Chacun de ces dispositifs, loin d’aider à illustrer un point de vue, constitue le point de vue dans un redéploiement permanent telle une épreuve au sens d’essais et de combats.

VERS LA FICTION

Après l’Océan – Tournage ©tomaBaqueni

Au long de mon parcours, je n’ai cessé de m’approcher de la fiction pour mettre en lumière les strates sensibles du jeu social d’où se dégage un sens profond qui, selon les cas, primera sur le repérable.

Dans les lieux de relégation où l’espace est raréfié et où la minute pèse, l’écriture cinématographique est poussée dans ses retranchements pour charrier les mondes sociaux dans leurs dimensions ambivalentes. “La fiction d’une intrigue”, dit Ricœur en 1983, “peut favoriser un non-dit par la suspension de la fonction référentielle du langage qui se dévoilera par la poésie ou la dimension imaginative.”

Go de nuit, les belles oubliées.
Kanté pleure deux amies retrouvées mortes sans seins et sans sexe

Balzac, Zola, Flaubert, Hugo, par leur attention portée aux ténèbres de l’âme humaine comme à sa part solaire ont éclairé le XIXe siècle français mieux que de nombreuses études académiques.
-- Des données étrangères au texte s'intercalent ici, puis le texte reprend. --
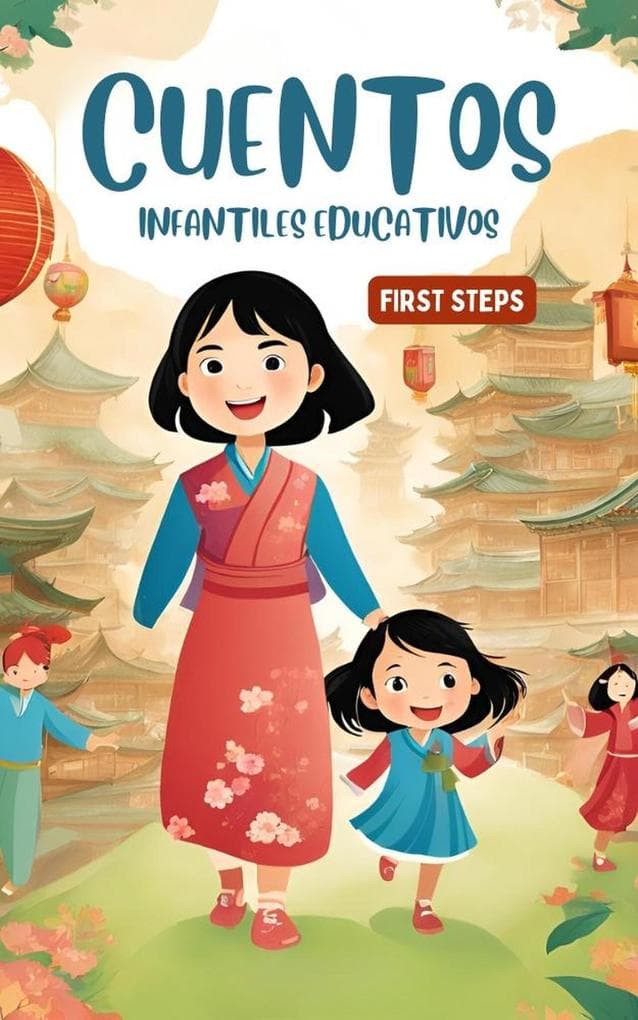 Cuentos Infantiles Educativos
Ils ont donné à leurs héros une incarnation sociale en matière d’exploration des désirs, des intrigues, de l’ambition, des transgressions, des révoltes, des veuleries : « toutes les impuissances et toutes les énergies traduites par les niaiseries de la vie journalière. » [Emile Zola 1869, La Tribune]
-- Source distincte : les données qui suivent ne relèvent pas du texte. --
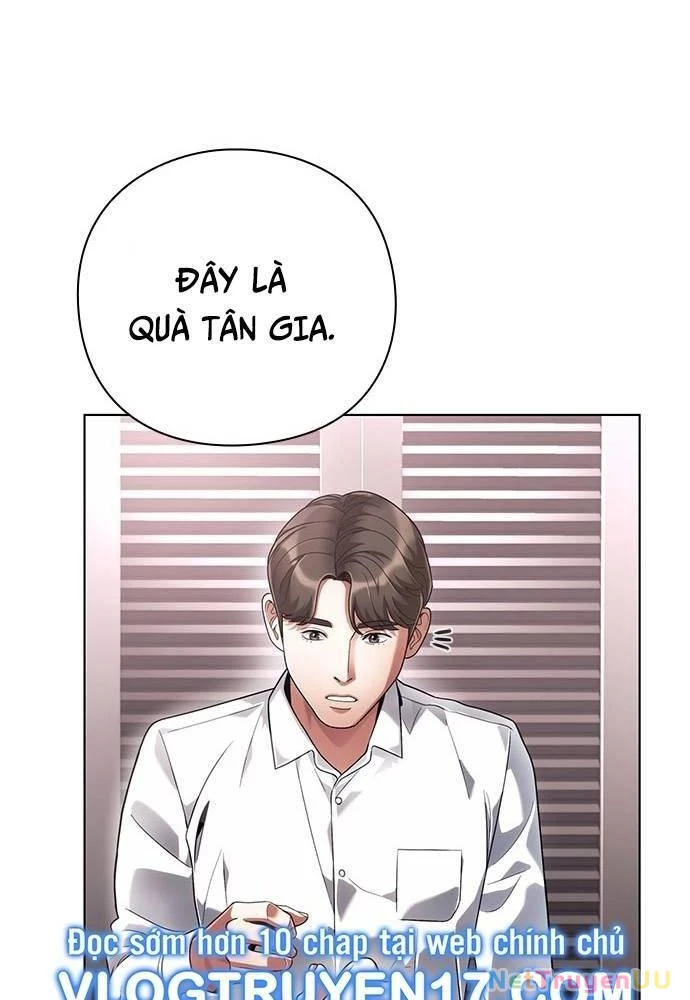 Nhân Viên Văn Phòng Nhìn Thấy Vận Mệnh Chapter 51 - Trang 4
De son côté, le cinéaste Kieslowski [2006] déclare vouloir “enrichir le portrait de l’être humain d’une dimension supplémentaire, celle des pressentiments, des intuitions, des rêves, des préjugés, en un mot de la vie intérieure” qui, d’après l’auteur, n’a rien d’un monde sous-jacent et clos, mais un monde auquel le cinéma renvoie de manière immanente.